The Conservancy is incredibly pleased with participation and the amount raised.

“With the impacts of COVID-19, so much was uncertain,” said Tanya Clark, Development Coordinator. “We wanted to keep the event going and even though we can’t be together in person, we know that people care so much for Carden and the species who call the area home”.

The event provided an opportunity for people to learn more about the species in their own areas. In previous years, the event would have 40-50 participants. Almost 90 participants across Ontario took part, from Long Point to Algoma District, and London to Uphill.

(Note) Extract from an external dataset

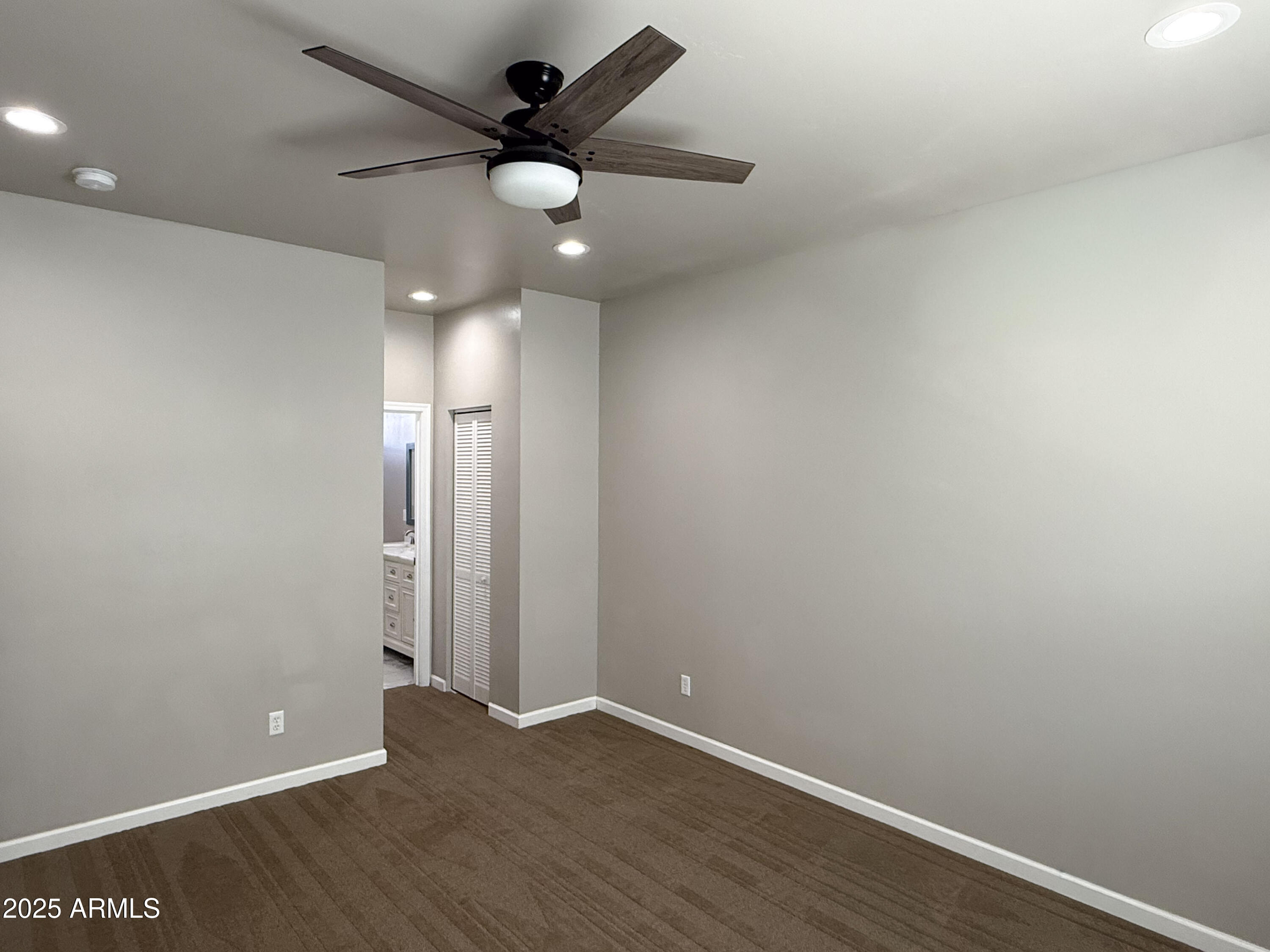 4850 East Oswego Street Rimrock, AZ 86335 - Photo 10 of 21 an empty room with a fan & a ceiling fan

The goal of Carden Challenge is simple - raise funds for alvar conservation, count species and grow awareness of this globally rare landscape close to Orillia. Usually, participants would be counting on the Carden alvar. In the past five years, the event would raise an average of $20,000.

Alvars occur only on limestone bedrock with little or no soil, where spring floods and summer droughts create harsh conditions. Many of the wildflowers, native grasses and invertebrate species found on alvars normally occur in the western provinces, and many are rare.

These habitats are globally imperiled, occurring only in the south of Sweden and scattered around the Great Lakes Basin. Carden Township’s alvars are thought to be among the richest in the province, with a great diversity of alvar species.